OBJECT: Cell therapy has shown preclinical promise in the treatment of many diseases, and its application is being translated to the clinical arena. Intravenous mesenchymal stem cell (MSC) therapy has been shown to improve functional recovery after traumatic brain injury (TBI). Herein, the authors report on their attempts to reproduce such observations, including detailed characterizations of the MSC population, non-bromodeoxyuridine-based cell labeling, macroscopic and microscopic cell tracking, quantification of cells traversing the pulmonary microvasculature, and well-validated measurement of motor and cognitive function recovery. METHODS: Rat MSCs were isolated, expanded in vitro, immunophenotyped, and labeled. Four million MSCs were intravenously infused into Sprague-Dawley rats 24 hours after receiving a moderate, unilateral controlled cortical impact TBI. Infrared macroscopic cell tracking was used to identify cell distribution. Immunohistochemical analysis of brain and lung tissues 48 hours and 2 weeks postinfusion revealed transplanted cells in these locations, and these cells were quantified.

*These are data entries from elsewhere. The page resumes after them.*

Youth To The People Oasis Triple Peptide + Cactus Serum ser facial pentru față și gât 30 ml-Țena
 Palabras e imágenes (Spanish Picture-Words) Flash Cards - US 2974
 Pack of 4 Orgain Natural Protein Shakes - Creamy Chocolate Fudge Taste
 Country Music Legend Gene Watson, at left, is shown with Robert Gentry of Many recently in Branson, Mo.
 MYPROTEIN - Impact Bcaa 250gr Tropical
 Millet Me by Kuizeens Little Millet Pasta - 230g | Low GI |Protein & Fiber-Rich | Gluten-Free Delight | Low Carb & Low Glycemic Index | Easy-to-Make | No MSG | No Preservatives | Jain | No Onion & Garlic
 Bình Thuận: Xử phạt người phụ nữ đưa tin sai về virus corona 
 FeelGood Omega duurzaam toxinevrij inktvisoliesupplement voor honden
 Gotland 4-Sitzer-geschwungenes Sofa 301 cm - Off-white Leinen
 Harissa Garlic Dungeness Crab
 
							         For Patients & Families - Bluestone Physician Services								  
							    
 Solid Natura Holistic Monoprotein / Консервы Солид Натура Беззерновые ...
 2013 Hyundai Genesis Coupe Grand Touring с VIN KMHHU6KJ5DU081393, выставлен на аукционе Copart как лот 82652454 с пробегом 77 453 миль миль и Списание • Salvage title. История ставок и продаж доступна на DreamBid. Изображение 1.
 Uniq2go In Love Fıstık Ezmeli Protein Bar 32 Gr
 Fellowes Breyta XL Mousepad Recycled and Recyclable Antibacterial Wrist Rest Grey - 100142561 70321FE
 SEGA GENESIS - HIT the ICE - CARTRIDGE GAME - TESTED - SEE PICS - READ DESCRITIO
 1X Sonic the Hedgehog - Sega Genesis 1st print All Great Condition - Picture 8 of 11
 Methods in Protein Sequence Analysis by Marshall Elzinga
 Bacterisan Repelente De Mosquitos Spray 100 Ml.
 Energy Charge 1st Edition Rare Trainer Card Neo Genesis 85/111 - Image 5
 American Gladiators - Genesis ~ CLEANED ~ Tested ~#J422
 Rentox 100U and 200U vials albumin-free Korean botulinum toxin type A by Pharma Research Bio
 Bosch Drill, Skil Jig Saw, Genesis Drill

Intraarterial blood sampling and flow cytometry were used to quantify the number of transplanted cells reaching the arterial circulation. Motor and cognitive behavioral testing was performed to evaluate functional recovery. RESULTS: At 48 hours post-MSC infusion, the majority of cells were localized to the lungs. Between 1.5 and 3.7% of the infused cells were estimated to traverse the lungs and reach the arterial circulation, 0.295% reached the carotid artery, and a very small percentage reached the cerebral parenchyma (0.0005%) and remained there. Almost no cells were identified in the brain tissue at 2 weeks postinfusion. No motor or cognitive functional improvements in recovery were identified. CONCLUSIONS: The intravenous infusion of MSCs appeared neither to result in significant acute or prolonged cerebral engraftment of cells nor to modify the recovery of motor or cognitive function. Less than 4% of the infused cells were likely to traverse the pulmonary microvasculature and reach the arterial circulation, a phenomenon termed the "pulmonary first-pass effect," which may limit the efficacy of this therapeutic approach. The data in this study contradict the findings of previous reports and highlight the potential shortcomings of acute, single-dose, intravenous MSC therapy for TBI.